Question text is in black, my answers in blue.

• Question 4.1, posted 6 March: I'm confused by the hint on page 532-3 for Exercise 4.6 -- why am I concerned with the obliviousness of the TM? Do I need to start worrying about that horrible construction for Exercise 1.6?

The reason you have to worry is that the reduction from X (an arbitrary NP language) to SAT from Lemma 2.11 uses the assumption that the TM M for X is oblivious. It has to check that each snapshot z has the proper relationship to the earlier snapshot zprev from the last time the head was in that position. In the proof of Lemma 2.11, your TM calculating the reduction found out zprev by running M on some input of the right length and noting where it last puts its head there. But this need not be a logspace computation, as M is an arbitrary poly-time TM.

So you have to go back to the reason why M can be assumed to be an oblivious TM. In Exercise 1.5 you showed how to replace an arbitrary TM, running in time T(n), with an oblivious TM running in time O(T2(n)). (The more time-efficient construction from Exercise 1.6 isn't needed here, because our main concern is with space bounds.) In the construction of Exercise 1.5 you made your new machine oblivious by forcing its head to move in a particularly simple way. What you need to do now is show that a logspace TM can compute the time step for snapshot zprev from the time step for z, given that the head is moving in that simple way.

• Question 4.2, posted 6 March: When I am reducing an NL language X to an arbitrary language L in Exercise 4.3, I am worried that the only strings in L might be extremely long -- will my log-space reduction necessarily have time to output such a string? Can I assume that L has a string of length polynomial in the length of my input?

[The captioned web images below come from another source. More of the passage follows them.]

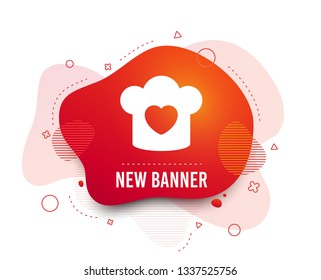 Fluid badge. Chef hat sign icon. Cooking symbol. Cooks hat with heart love. Abstract shape. Gradient cooking icon. Flyer liquid banner. Vector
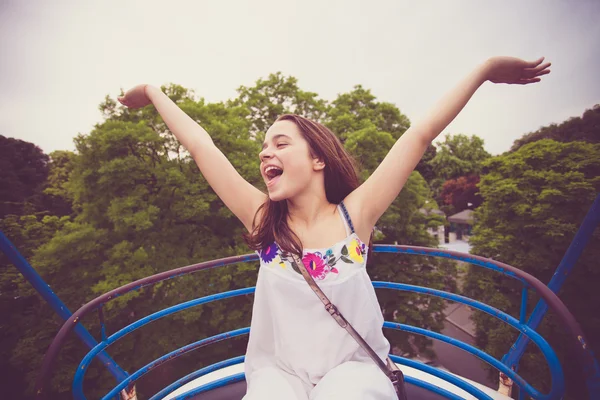 Girl on panoramic wheel — Stock Photo, Image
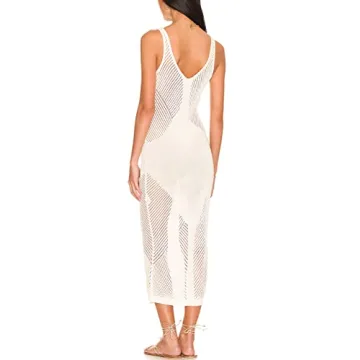Bsubseach Women Knitted Bikini Swimwear Cover Up Sleeveless Crochet Beach Dress Summer Resort Wear White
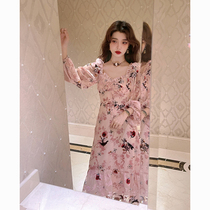 Tea break French fairy small fragrance design sense niche long dress floral dress spring 2021 new female
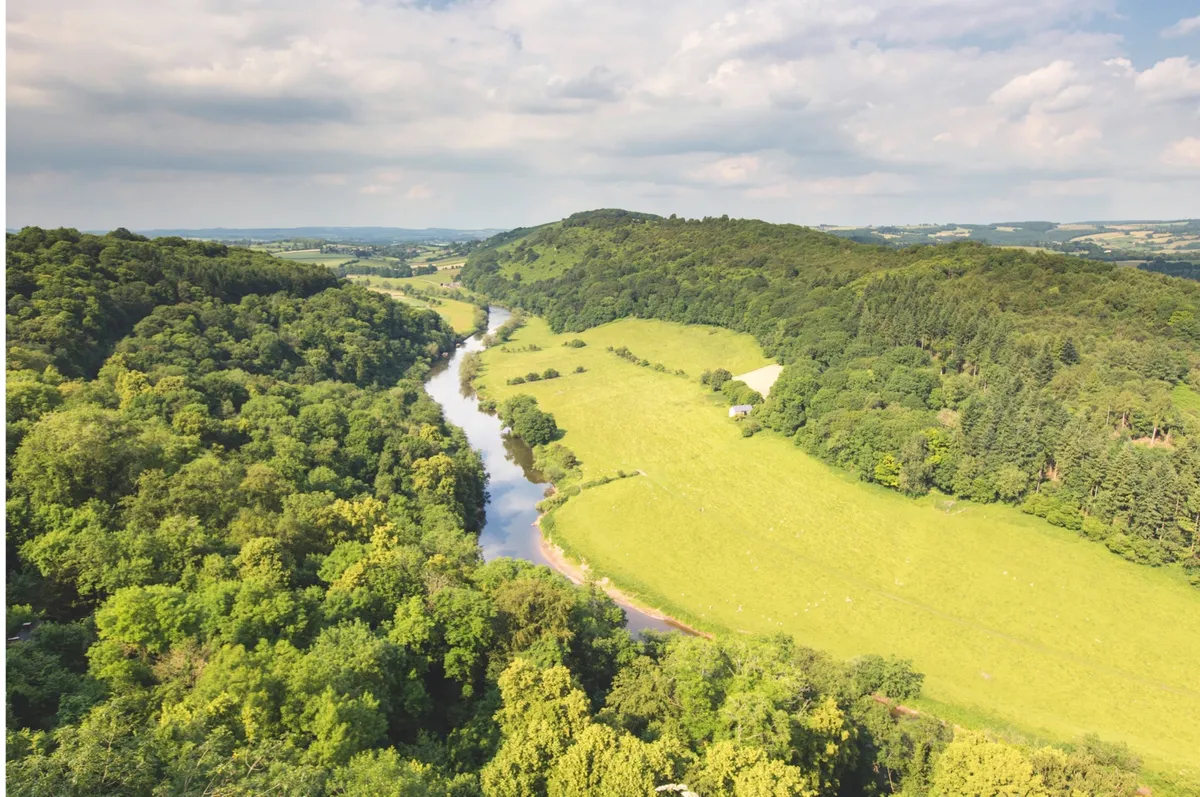 River Wye surrounded by fields and trees
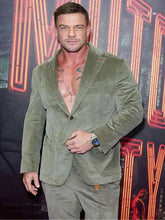 Alan Ritchson Motor City Premiere Green Suit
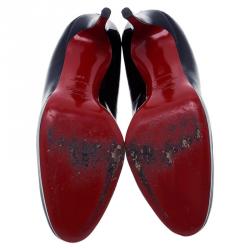 Pre Owned Christian Louboutin Blue Patent New Simple Pumps Size 39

You can't assume anything about L except that it is not the empty language and that it is not the language Σ*. Remember that your log-space reduction takes an input w of length n and produces an output string f(w) that is in L if w is in X and is not in L if w is not in X. Because the log-space reduction is also a poly-time reduction, you are right that the length of f(w) must be polynomial in the length of w. But remember that this is a constraint on the length of f(w) as a function of the length of w -- how hard this is to accomplish depends on the way that f(w) depends on w.